Skip to main content

Error Handling & Retry Mechanisms

Forge includes error handling capabilities, including limited automatic retry mechanisms with exponential backoff for specific types of errors. This documentation covers how to configure and optimize these features for improved system resilience.

Automatic Retry Mechanism

Forge currently implements automatic retries specifically for tool call parsing errors that occur during agent interactions.
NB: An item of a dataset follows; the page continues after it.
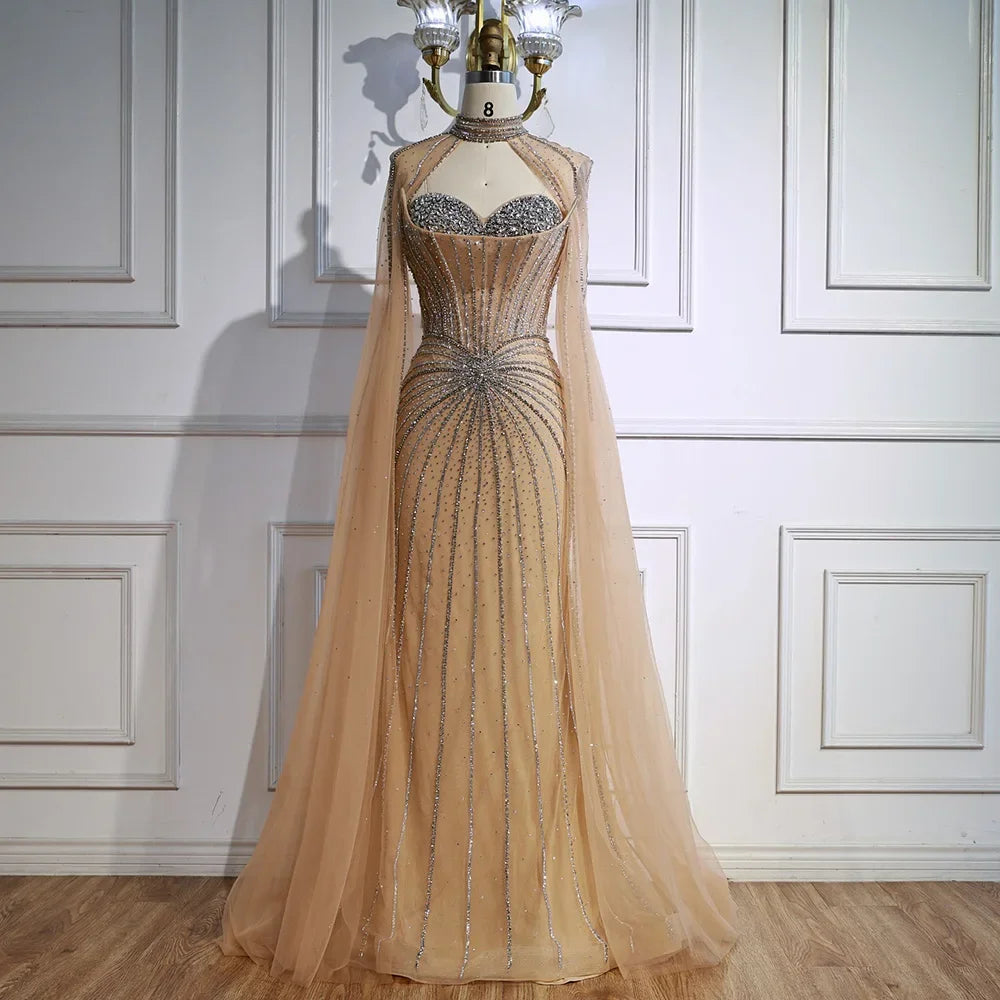 Luxury Nude Elegant Evening Gown Beaded Dress with Cape Sleeves for Formal Party Wear Zapdress DLA72811A Customized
This ensures that temporary issues in parsing tool calls don't cause complete workflow failures.

How It Works

When a tool call parsing error occurs:

  1. Forge detects the parsing failure
  2. A retry is attempted after an initial delay
  3. Each subsequent retry uses an exponentially increasing delay with jitter
  4. After reaching the maximum retry count, the operation fails permanently
  5. Success at any point in the retry sequence continues normal execution

This targeted approach helps maintain conversational flow by gracefully handling errors in the agent's tool usage expressions.

Configuration Options

The retry mechanism can be configured in your forge.yaml file:

retry:
max_attempts: 5 # Maximum number of attempts (including first try)
initial_delay_ms: 200 # Initial delay before first retry (milliseconds)
backoff_factor: 2 # Multiplier for delay between retries

Configuration Parameters

ParameterDefaultDescription
max_attempts3Maximum number of attempts (including initial attempt)
initial_delay_ms200Initial delay before first retry (milliseconds)
backoff_factor2Exponential multiplier for delay between retries

How Backoff Works

With default settings, retry delays follow this pattern (with added jitter):

  1. Initial attempt fails
  2. Wait ~200ms (initial_delay_ms with jitter)
  3. First retry fails
  4. Wait ~400ms (initial_delay_ms × backoff_factor with jitter)
  5. Second retry fails
  6. Wait ~800ms (previous delay × backoff_factor with jitter)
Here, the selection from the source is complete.